▶ WORK REQUIRED:
The expected output is exactly the lines below, starting at the line with "A Thomas Goode" and ending at the line with "AN OLD WOMAN", both included; no other line belongs in it.

▶ DATASET ENTRIES:

::::::

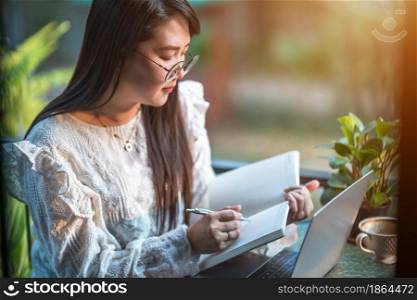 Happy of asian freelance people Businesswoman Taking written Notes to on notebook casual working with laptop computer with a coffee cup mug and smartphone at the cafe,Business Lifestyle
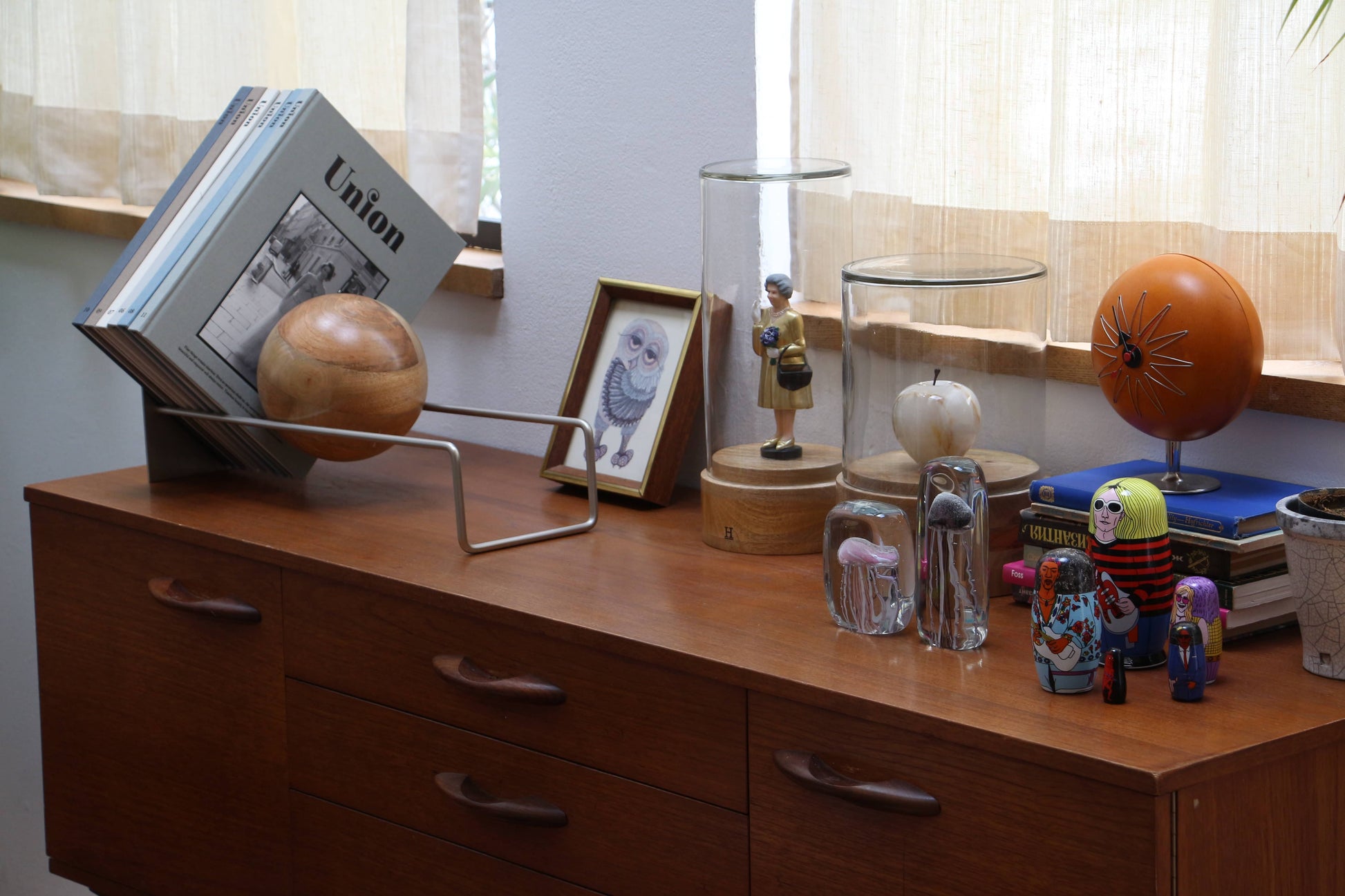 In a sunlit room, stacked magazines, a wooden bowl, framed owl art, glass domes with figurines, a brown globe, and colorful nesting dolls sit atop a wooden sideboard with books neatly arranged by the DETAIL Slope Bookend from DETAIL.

::::::

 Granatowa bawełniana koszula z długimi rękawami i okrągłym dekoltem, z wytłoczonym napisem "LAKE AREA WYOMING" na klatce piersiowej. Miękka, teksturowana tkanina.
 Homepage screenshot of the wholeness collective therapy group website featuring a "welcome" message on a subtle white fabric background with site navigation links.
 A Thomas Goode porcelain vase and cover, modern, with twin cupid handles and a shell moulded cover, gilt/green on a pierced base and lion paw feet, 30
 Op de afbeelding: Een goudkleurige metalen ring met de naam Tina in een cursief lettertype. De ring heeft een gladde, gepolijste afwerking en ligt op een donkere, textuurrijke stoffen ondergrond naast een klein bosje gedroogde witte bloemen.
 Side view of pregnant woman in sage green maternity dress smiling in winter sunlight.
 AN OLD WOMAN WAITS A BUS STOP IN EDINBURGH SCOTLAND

::::::

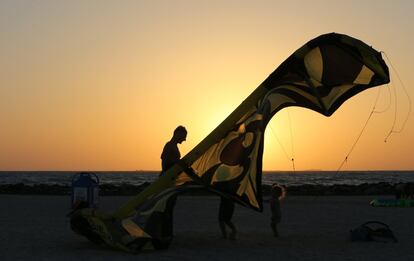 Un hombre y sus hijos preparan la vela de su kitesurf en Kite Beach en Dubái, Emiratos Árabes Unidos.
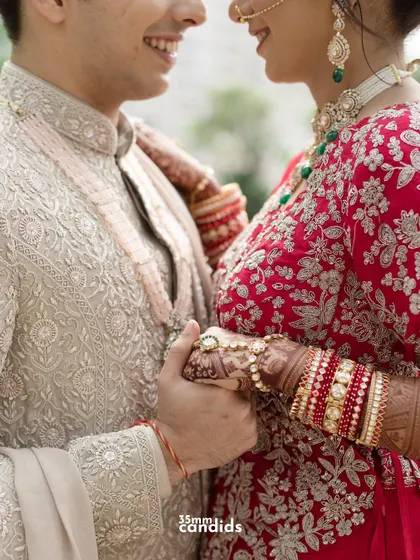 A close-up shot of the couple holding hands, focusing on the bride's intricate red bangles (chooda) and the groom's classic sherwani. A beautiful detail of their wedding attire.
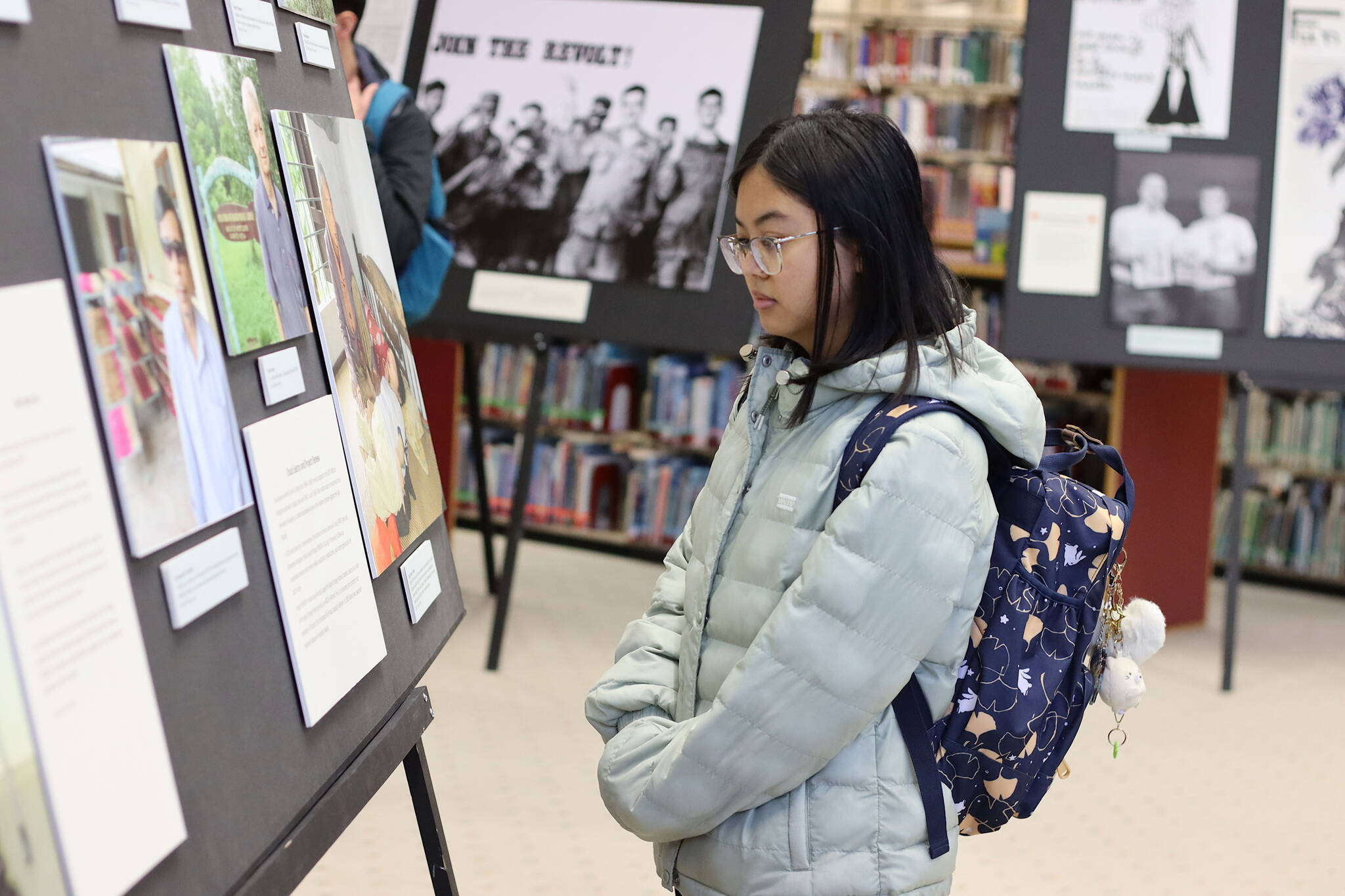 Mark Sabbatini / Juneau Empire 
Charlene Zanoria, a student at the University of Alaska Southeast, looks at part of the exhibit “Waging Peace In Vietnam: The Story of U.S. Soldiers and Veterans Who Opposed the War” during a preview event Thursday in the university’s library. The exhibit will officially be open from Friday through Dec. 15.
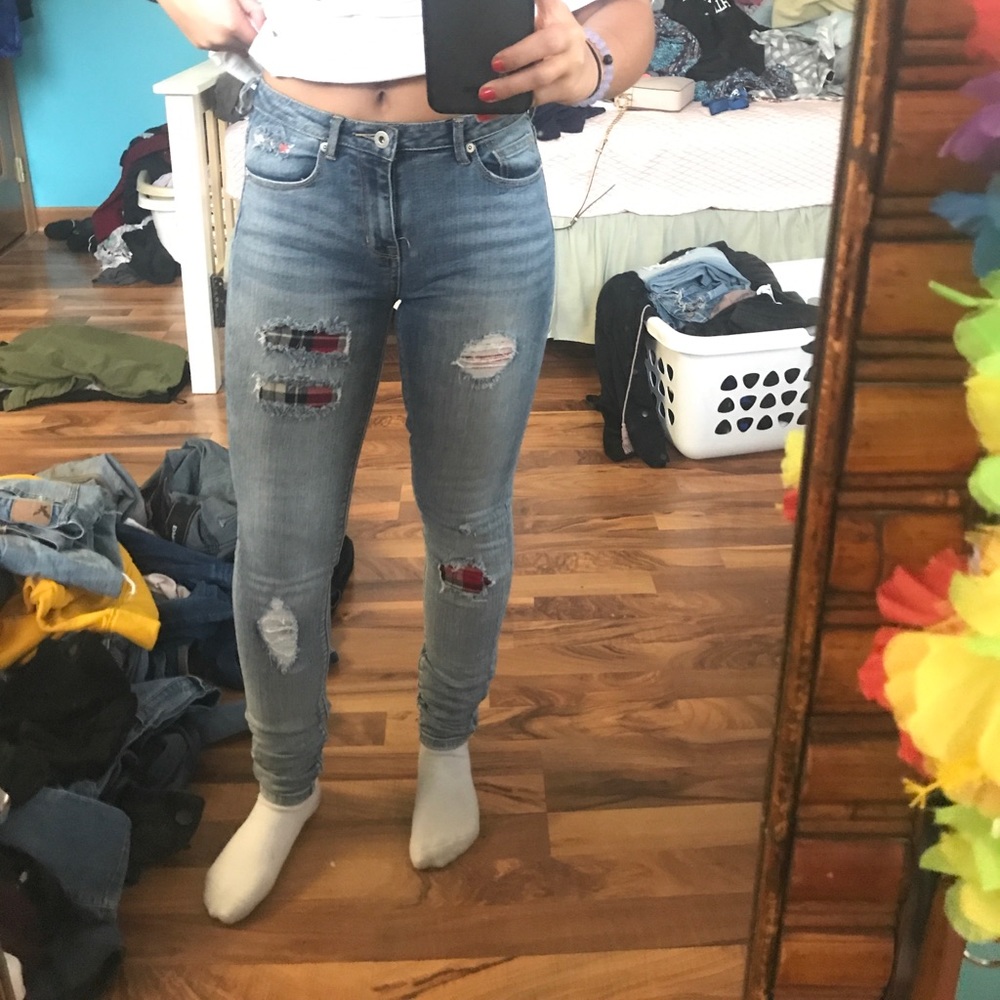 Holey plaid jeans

::::::

▶ TASK RESPONSE:
 A Thomas Goode porcelain vase and cover, modern, with twin cupid handles and a shell moulded cover, gilt/green on a pierced base and lion paw feet, 30
 Op de afbeelding: Een goudkleurige metalen ring met de naam Tina in een cursief lettertype. De ring heeft een gladde, gepolijste afwerking en ligt op een donkere, textuurrijke stoffen ondergrond naast een klein bosje gedroogde witte bloemen.
 Side view of pregnant woman in sage green maternity dress smiling in winter sunlight.
 AN OLD WOMAN WAITS A BUS STOP IN EDINBURGH SCOTLAND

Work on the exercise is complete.